If your shag-partner sees the big O as the be-all and end-all, this puts added pressure on you to come. Added pressure equals stress, and stress equals a reduced chance of climaxing. ‘You need to communicate and, rather than planning sex like some sort of military operation, decide to enjoy the moment rather than worrying about whether one of your is going to come,’ says Dr. Wood. Dr. Nightingale agrees: ‘I’d really urge anyone feeling the pressure to try tantric sex. It’s erotic, exciting and all about the anticipation, rather than the final result,’ she says.

There is loads of info online about tantric sex (and, erm, Sting wrote a book about it) to get you going.

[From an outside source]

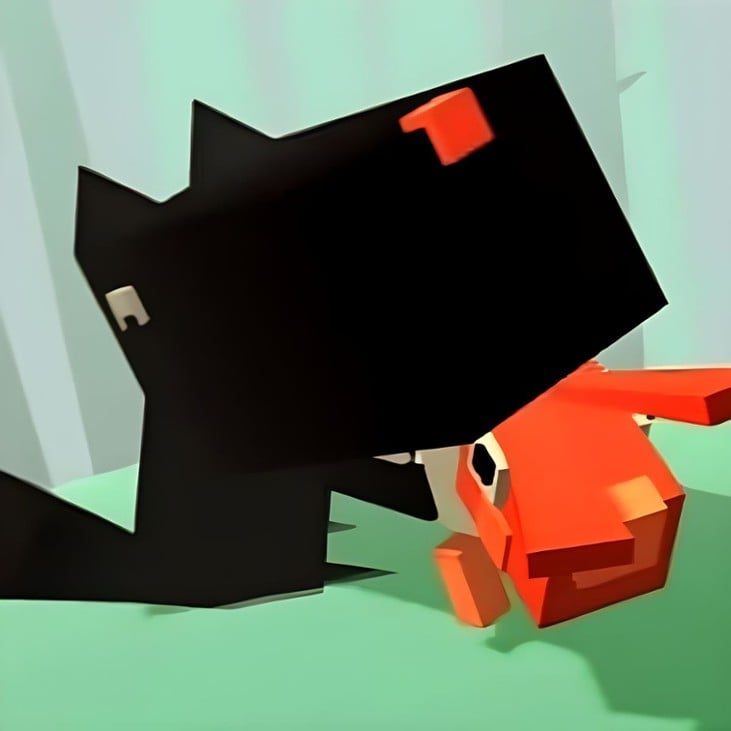 Games like Rabbit Rush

5. You just don’t feel sexy

‘The term ‘low self esteem’ is bandied about quite a lot these days, but if you’re having negative thoughts and preoccupied with other things, then you’re not going to be having good sex,’ says Dr. Nightingale. In these cases, don’t opt for the amateur dramatics (i.e. faking it). ‘Women are still faking orgasms at a very high level because they want to be perceived as having a good time; if you don’t feel good, look outside the bedroom. Sexual achievement is about 75% head stuff and 25% physical!’ Ask yourself why you don’t feel sexy – if there’s life stuff going on, then get it sorted. If it’s your partner making you feel bad, then re-evaluate why you’re shagging them on the regular.

6. He isn’t the one.

Alright, that’s a bit OTT, but if there are relationship problems then you’re going to be less likely to climax. ‘Maybe you shouldn’t be shagging that guy tonight – sex for the sake of sex rarely ends well,’ says Dr. Nightingale. ‘It’s all about the intimacy levels of the individual couple. If the attachment isn’t there, then the orgasms probably won’t be there either.’ It’s all about getting you into the right mindset and if you don’t feel comfortable with the person you’re having sex with, then you’ll find it really difficult to let go. Letting go = YES YES YES.

7. You’re on SSRIs (antidepressants)

Yeah these little pills may help prevent anxiety and depression, but they can also make orgasms a distant memory. While it’s still physically possible for you to reach climax, it’s going to take way more than a bit of a fiddle around; probably time to call in the big guns. As in, vibrators, not actual guns. ‘The more you masturbate to orgasm, the more you’ll be able to come.

Sex toys are a great way to get the ball rolling,’ Dr. Nightingale says. Dr Wood agrees: ‘Depression in and of itself can lower a person’s sex drive, but it doesn’t mean you can’t have an orgasm – it’ll require patience and it’s important that you don’t focus on the end result. Enjoy the journey.’